# [Data in this exercise]
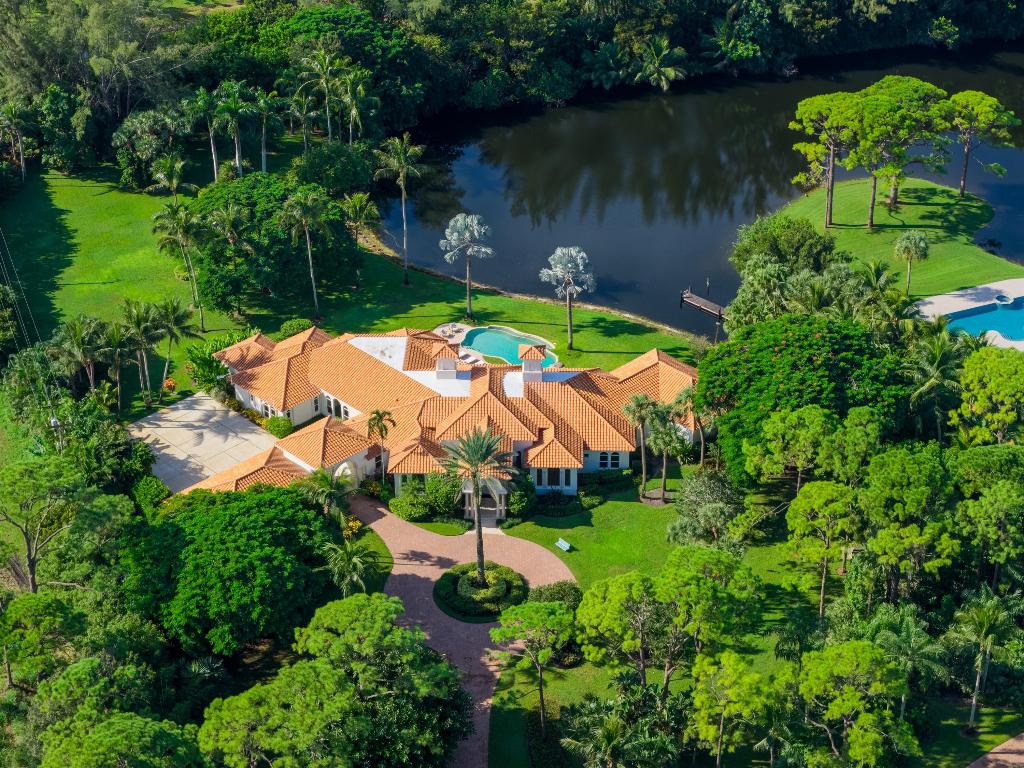 6003 Le Lac, Boca Raton FL 33496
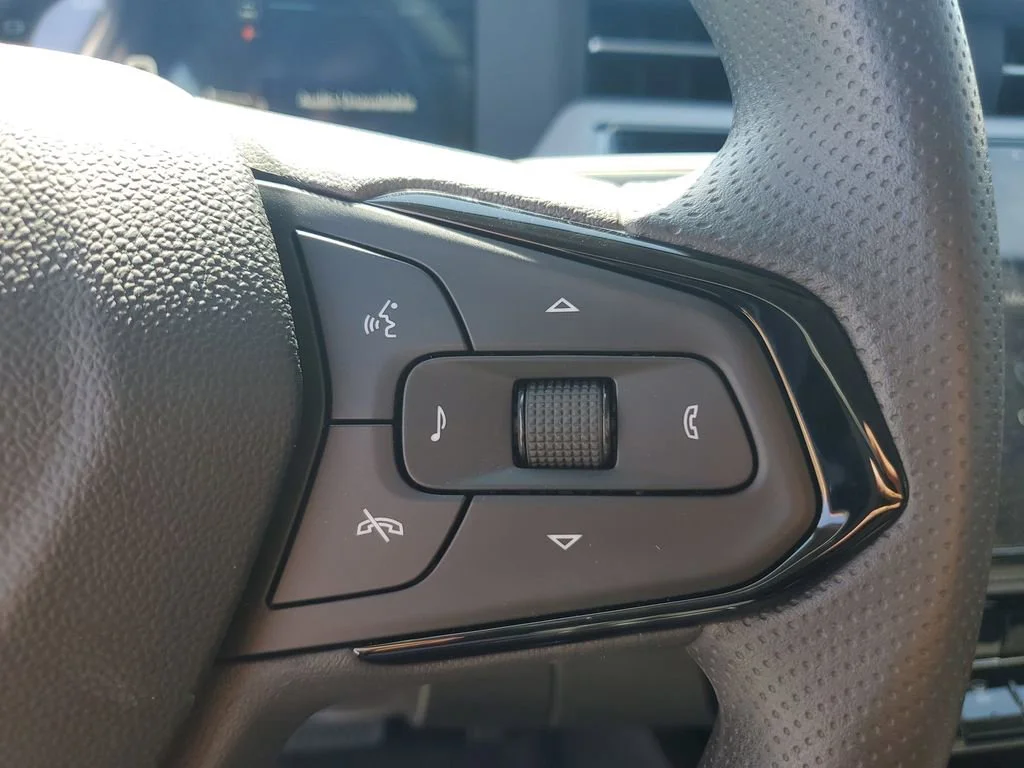 New 2027 Summit White Chevrolet LT image 28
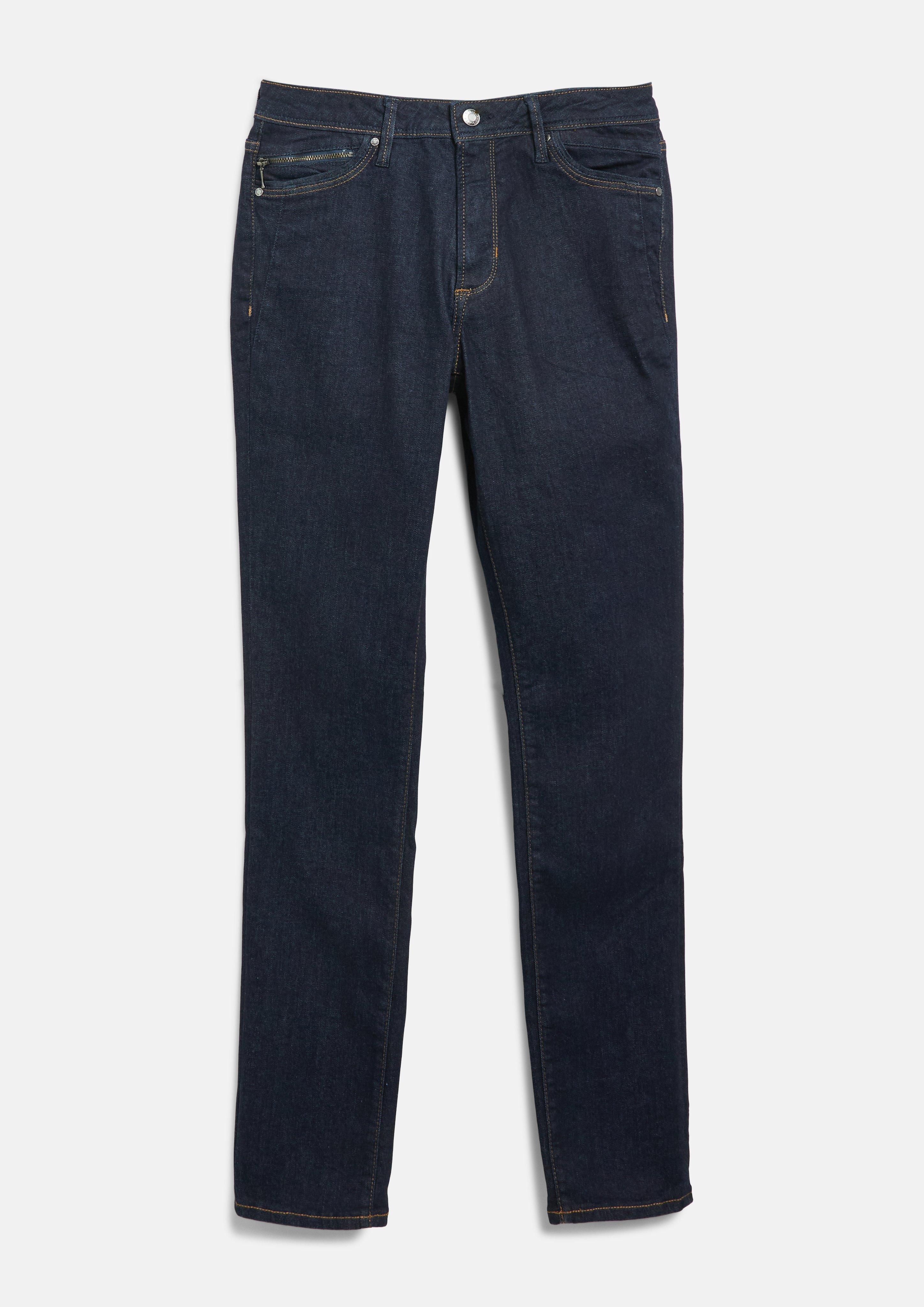 Jean Betsy / Taille mi-haute / Coupe slim en bleu marine de s.Oliver
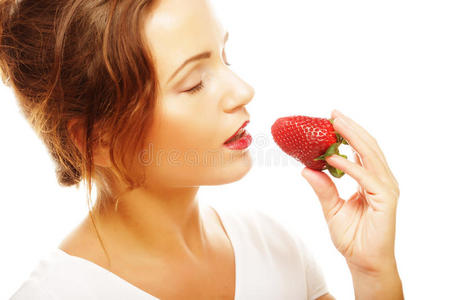 带草莓的有趣女人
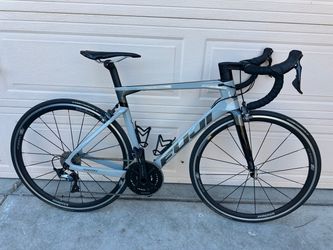 2021 Fuji Transonic Road Bike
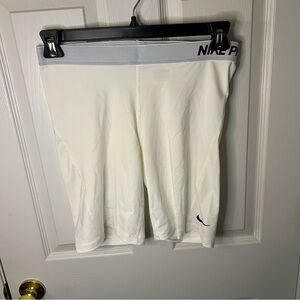 Nike Men's Athletic Shorts - White and Gray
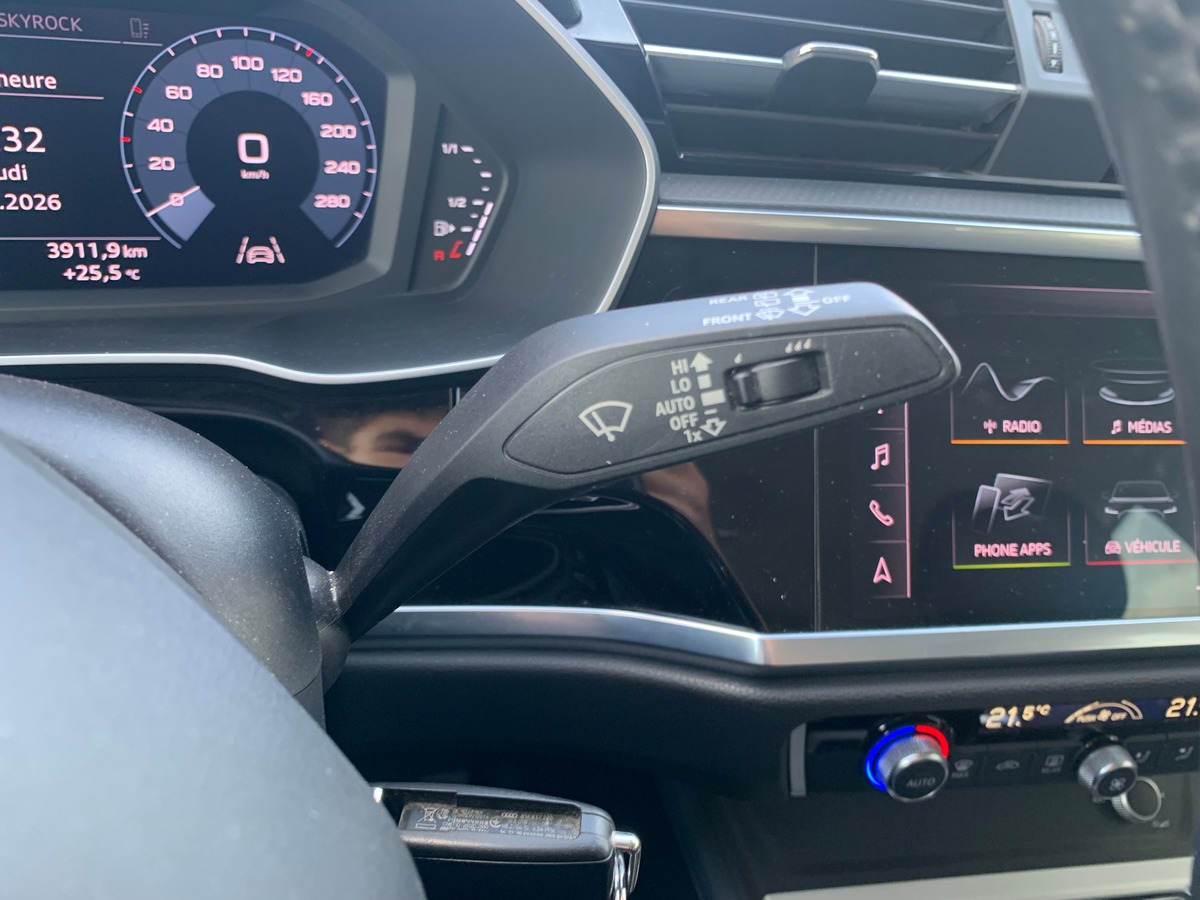Audi Q3 Sportback 150 | Premiére MAIN | Design | Apple car play | Attelage amovible | Entretien AUDI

# [What needs to be done]
From the first line of the material to the last, retype everything exactly except the images.

# [Worked solution]
 6003 Le Lac, Boca Raton FL 33496
 New 2027 Summit White Chevrolet LT image 28
 Jean Betsy / Taille mi-haute / Coupe slim en bleu marine de s.Oliver
 带草莓的有趣女人
 2021 Fuji Transonic Road Bike
 Nike Men's Athletic Shorts - White and Gray
Audi Q3 Sportback 150 | Premiére MAIN | Design | Apple car play | Attelage amovible | Entretien AUDI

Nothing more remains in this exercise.